* _What you are asked to do_:
Output only the lines below from the one holding "Jeu de douilles" down to the one holding "Bloco Espiralado Canson", both end lines included and every picture dropped.

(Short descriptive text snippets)
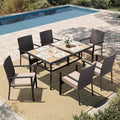 HERA'S HOUSE 7 PCS Outdoor Dining Sets for 6, Outdoor Rattan Chairs and Wood Like Table with 1.57" Umbrella Hole, Patio Dining Set for Deck, Balcony, Backyard, Garden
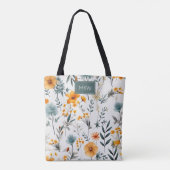 Boheemse Grijs, Salie & Goud Bloemen Monogram Tote Bag (Achterkant)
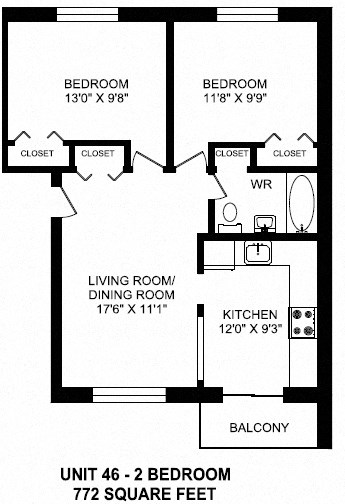 Two bedroom, one bathroom apartment layout at Brockville Apartments in Brockville, ON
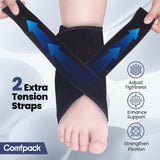 Comfpack Compression Ankle Ice Pack Wrap for Sprain & Fracture, Ankle Support Brace with 2 Cold Packs, Reusable Gel Cold Hot The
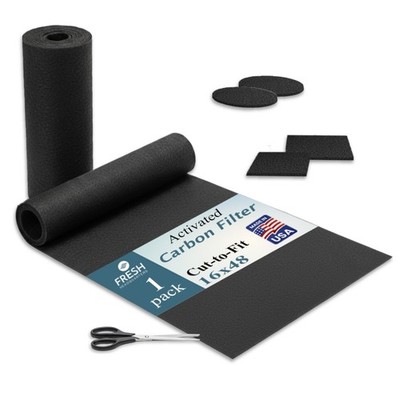 Activated Carbon Filter Pad - Cut to Fit Air Vent Filters 16'' x 48'' x 0.2''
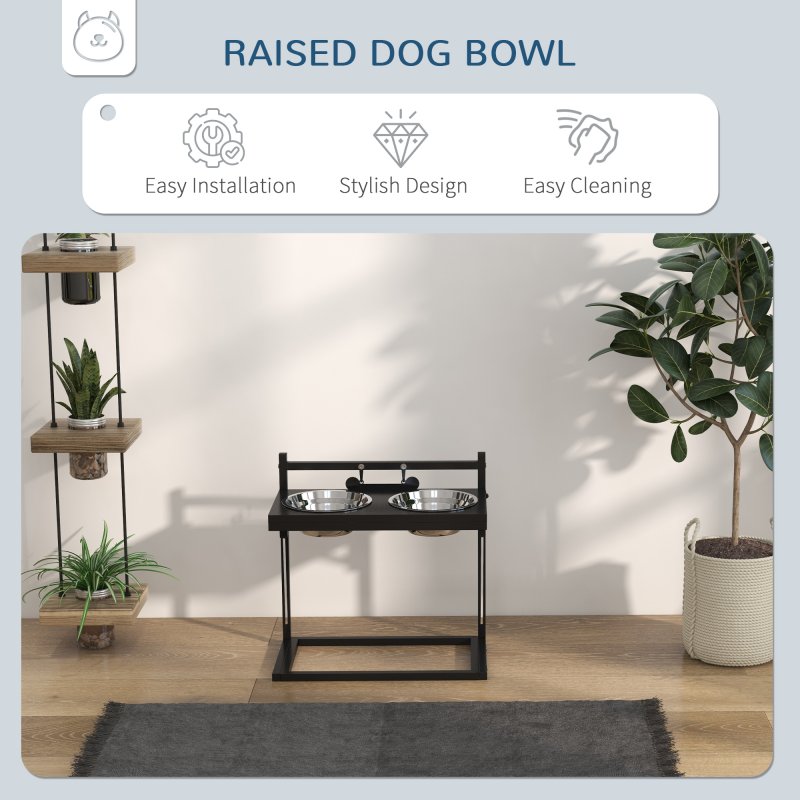 PawHut Raised Dog Bowl, Elevated Dog Bowl with Adjustable Height Stand, 2 Stainless Steel Bowls, for Small Medium Large Dogs - Black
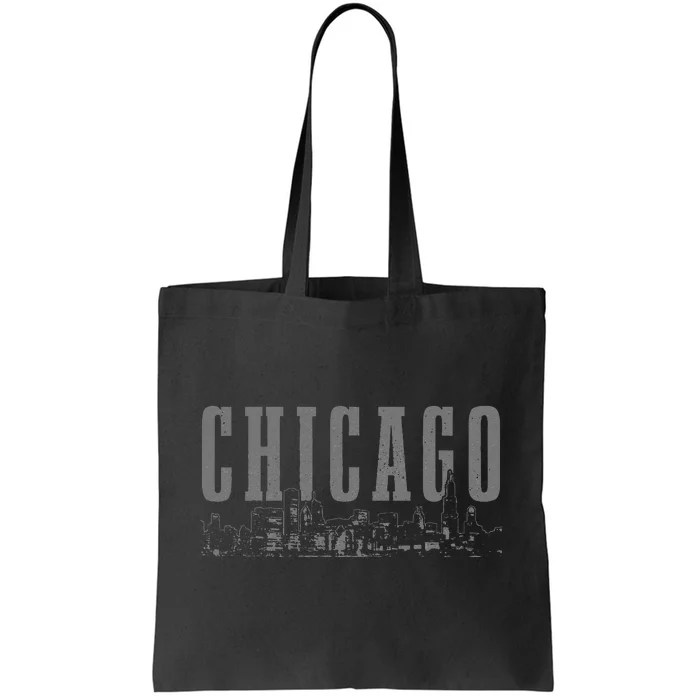 Chicago Skyline Illinois Vintage Chicago Pride Tote Bag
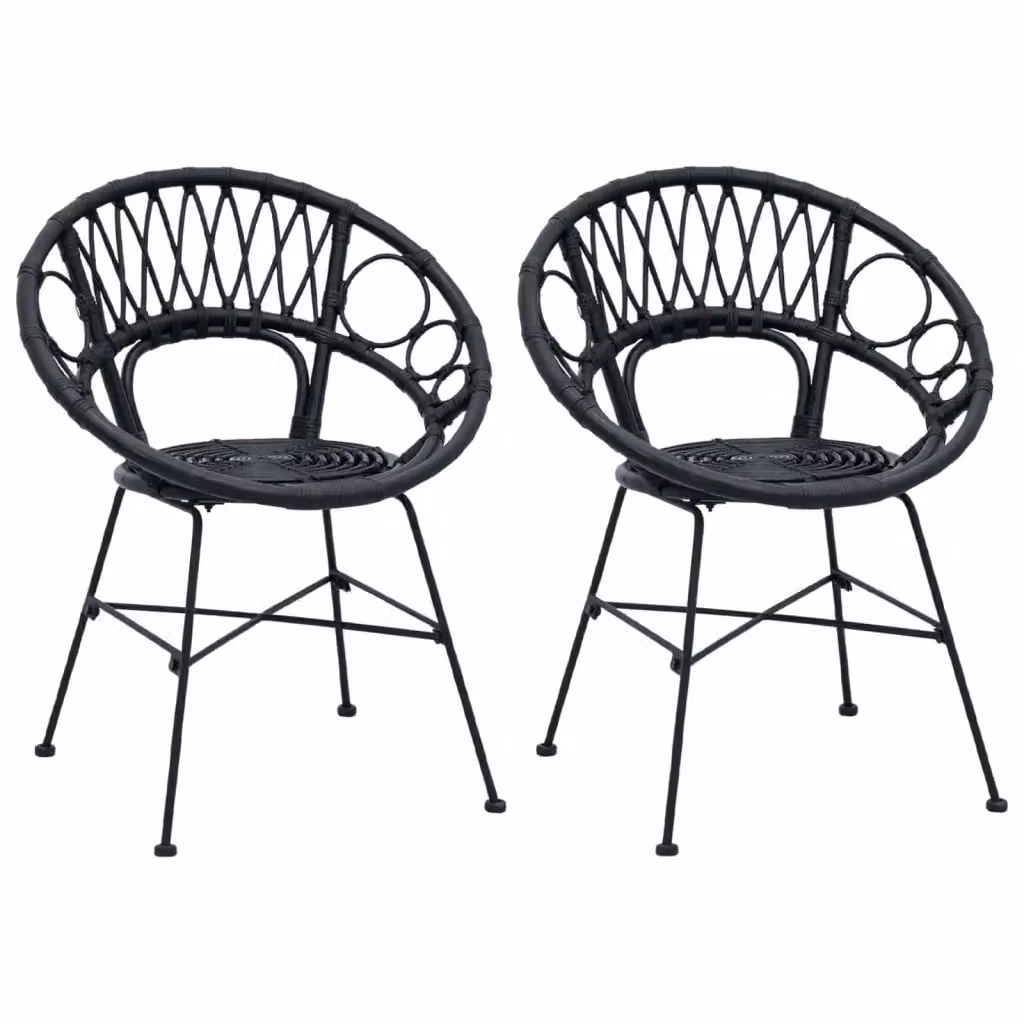 Set di 2 sedie da pranzo vidaXL in rattan e metallo nero opaco L 54 cm x P 65 cm x H 82 cm – 2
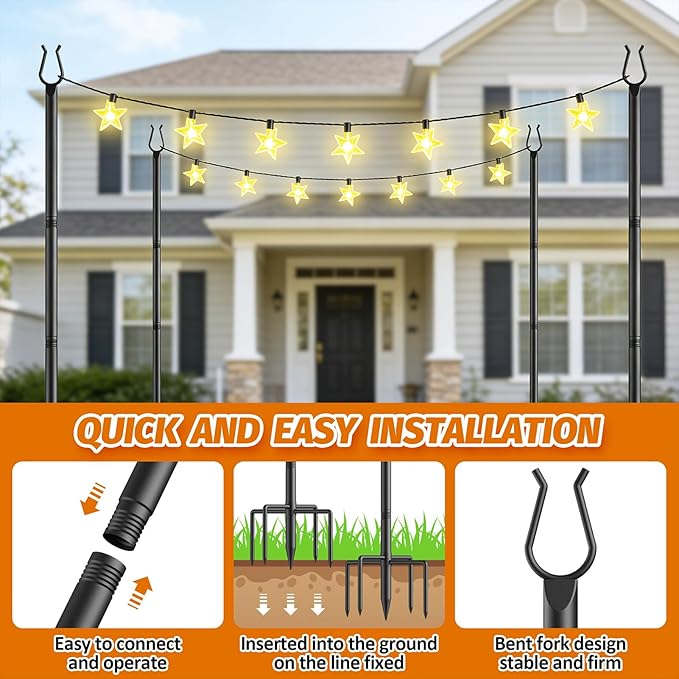 Aredy 4 Pack String Light Poles - 10FT Light Poles for Outside with Fork Base, Outdoor String Light Poles, Durable Poles for String Lights in Backyard, Deck, Garden, Wedding Events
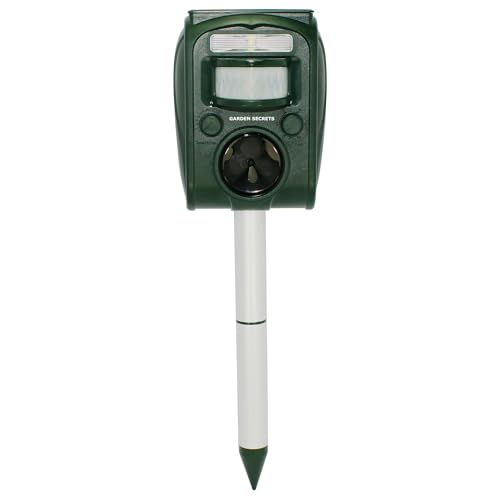 GARDEN SECRETS Compact Solar Ultrasonic Animal Repellent. Skunk Raccoon Deer Coyote Cat Rat Mice etc Deterrent. Keep Pests Away from Your Property Within 2-4 Weeks. Whole Year Full Warranty (1)
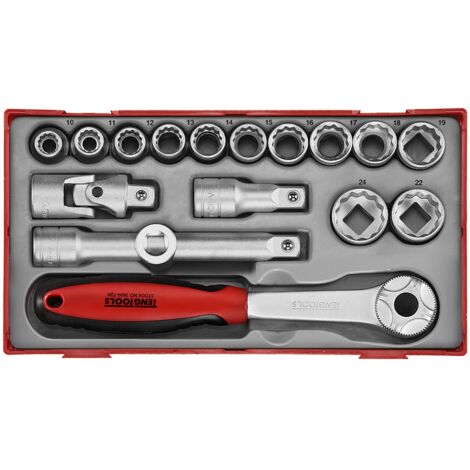 Jeu de douilles TT1 tray 1/2 10-24mm 18 pièces 12 pans Teng Tools TT1218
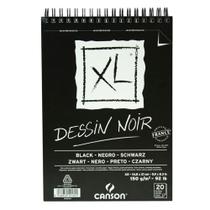 Bloco Espiralado Canson XL Dessin Noir Black 150g/m² A5 14,8 x 21 cm com 20 Folhas 400082844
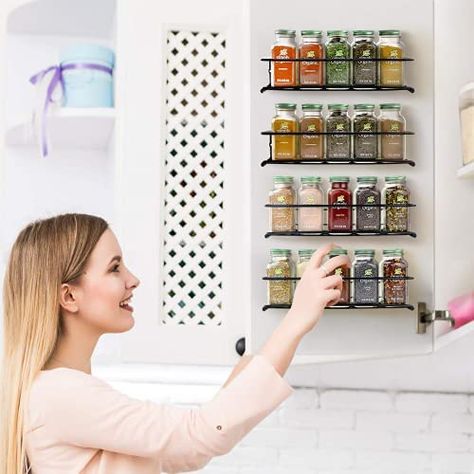 Spice Rack Cupboard, Door Mounted Spice Rack, Door Spice Rack, Seasoning Organizer, Wall Spice Rack, Hanging Spice Rack, Cabinet Spice Rack, Spice Jar Storage, Wall Mounted Spice Rack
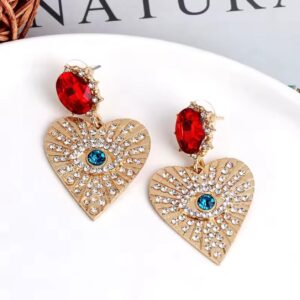 Aretes de corazon y ojo con piedras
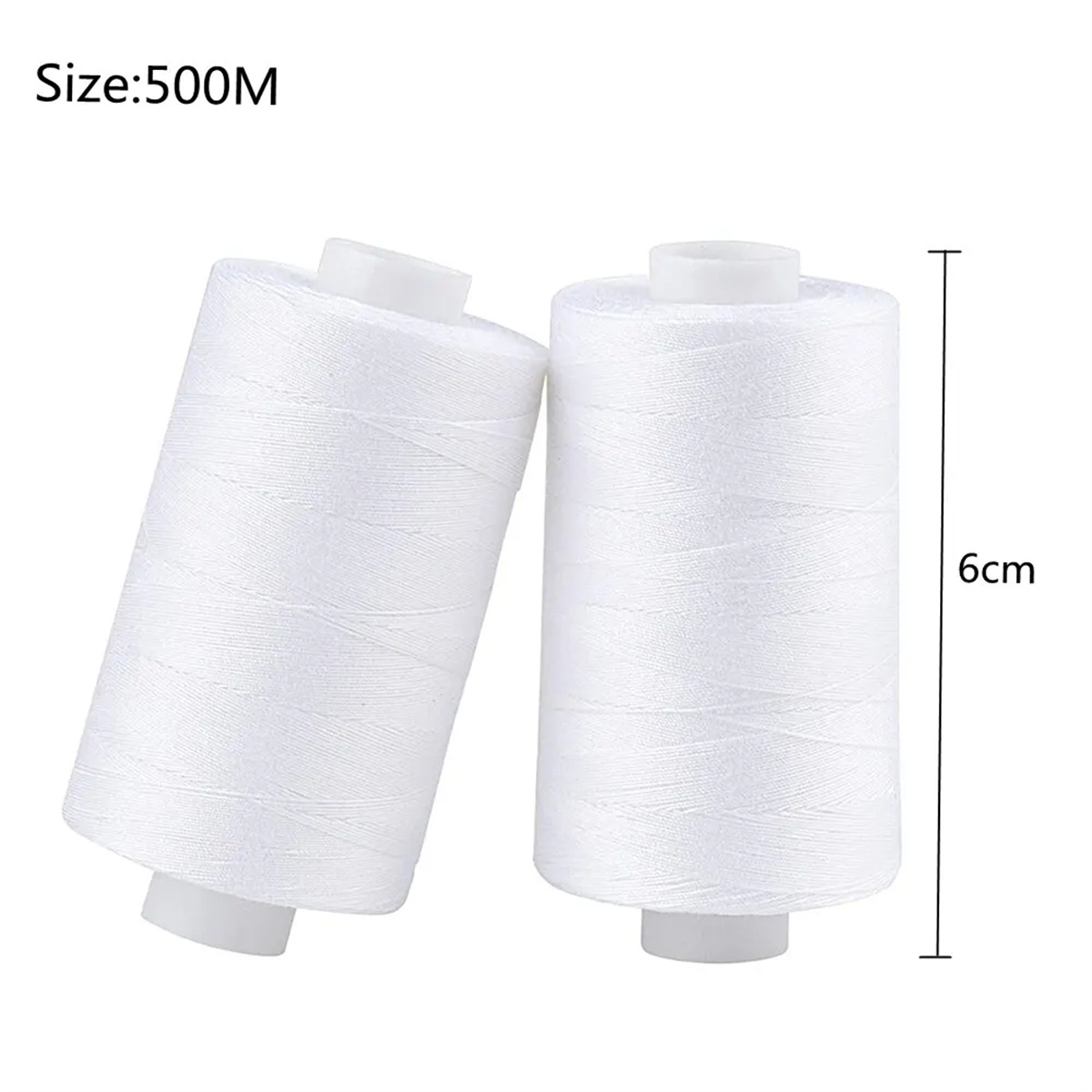 2 ชิ้นด้ายเย็บผ้าด้ายเย็บผ้าด้ายโพลีเอสเตอร์ชุดเย็บด้ายเย็บ Spools โพลีเอสเตอร์ DIY เย็บสําหรับมือเครื่อง 500 เมตร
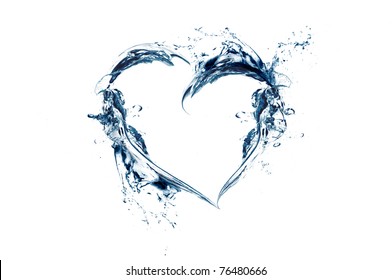 Heart Shape Made Of Water Splash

* _Completed exercise_:
 Jeu de douilles TT1 tray 1/2 10-24mm 18 pièces 12 pans Teng Tools TT1218
 Bloco Espiralado Canson XL Dessin Noir Black 150g/m² A5 14,8 x 21 cm com 20 Folhas 400082844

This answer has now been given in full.